So, I braved the NYC elements (it’s 17 degrees over there), hopped on a plane West, checked into my hotel and cleared up some work so I could be back in my hotel room to view the 50th Annual Grammy Awards in their entirety. Considering I shut it off before it even finished, color me a little underwhelmed by a show (and a voting committee) that has gotten better than they were, but still leads all award shows in WTF decisions?
First of all, I was a little upset by what didn’t happen at the show. A rumored Michael Jackson performance commemorating the 25th Anniversary of “Thriller” didn’t happen (presumably because Michael refused to perform unless he received some kind of award), and an expected fireworks fest between Aretha Franklin & Mary J. Blige didn’t happen due to Mary somehow not appearing on the show (despite wearing two Grammys last night). Not sure what happened, but it’s possible Aretha (who’s back to looking like a Macy’s Thanksgiving Day float after losing a pretty decent amount of weight) ate her.

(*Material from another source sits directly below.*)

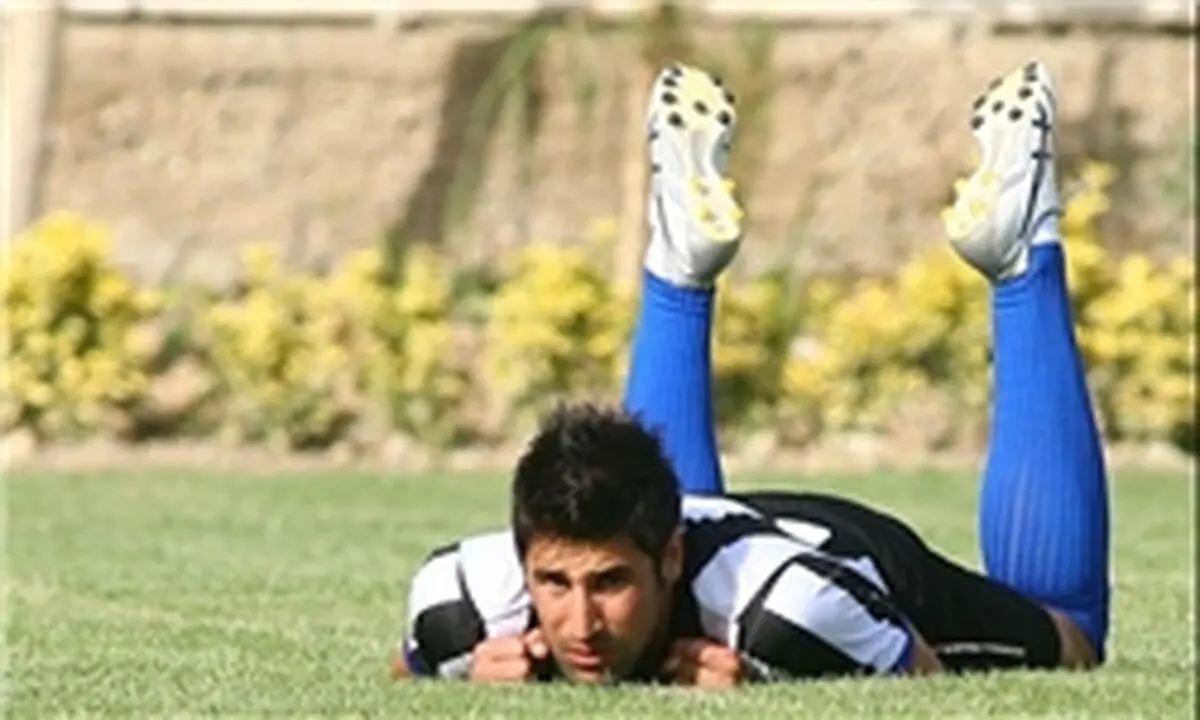 حذف رحمتی، بائو و بیک‌زاده از فهرست استقلال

The highlights were expected. No one that I didn’t expect to wow me already wowed me. Those “wow” moments? Kanye West’s futuristic performance of “Stronger” with Daft Punk followed by an emotional performance of “Hey Mama” that proved dude could potentially have a singing career as well, and Amy Winehouse’s excellent medley of “You Know I’m No Good” and the now completely ironic “Rehab”. Both also had the best acceptance speeches of the night. Winehouse was quite overwhelmed (and bringing her parents on stage with her was a nice touch), and West was deservedly surly as he started to get played off the stage in the middle of his speech. Vince Gill and Prince also provided chuckles (Prince DOES have a sense of humor) with subtle knocks on Kanye and Sinatra, respectively.

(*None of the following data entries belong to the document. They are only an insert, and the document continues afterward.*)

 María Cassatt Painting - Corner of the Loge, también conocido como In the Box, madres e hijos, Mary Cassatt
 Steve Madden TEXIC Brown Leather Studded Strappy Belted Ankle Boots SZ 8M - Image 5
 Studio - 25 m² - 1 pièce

Everything else was just kind of standard and boring, honestly. I hereby pronounce a future ban on all Beatles tribute unless John and George come back from the dead. I hereby pronounce a moratorium on ANY performances of “No One” by Alicia Keys (who performed the same song on the VMAs in September and the AMAs in November). I fell asleep during the performance by Lang Lang and Herbie Hancock. Musical virtuosity is great, folks. Now try to give us some excitement, k?
While it was nice to see The Time together, I grinned at the irony of the band playing the instruments on “Jungle Love”, a song that no Time member (except guitarist Jesse Johnson and Morris Day) played on individually. Not to mention the fact that I thought Morris and co-performer Rihanna had no chemistry whatsoever. Ditto for Beyonce and 69-year old Tina Turner, although Tina surprised me by performing with the energy of a woman 1/3 her age.
My personal biggest offense was this. Since the Grammys appeared on tape delay here at West, I decided to fight temptation and not check any news sites for a winners list. Curiosity got the best of me and I finally broke down and went to cnn.com, where I saw a picture of Herbie Hancock’s grinning mug accompanied by the words “Album Of The Year”. Don’t get me wrong, I dig Herbie Hancock. Although I’ve only heard parts of the winning album, “River” (a Joni Mitchell tribute), I don’t think it’s bad. Besides, how can you be mad at someone who played with Miles Davis? Still, though, in light of excellent albums by West and Winehouse being nominated, the night’s major prize went to the height of fuddy-duddyness, highlighting a problem that’s been Grammy’s Achilles heel for as long as I can remember.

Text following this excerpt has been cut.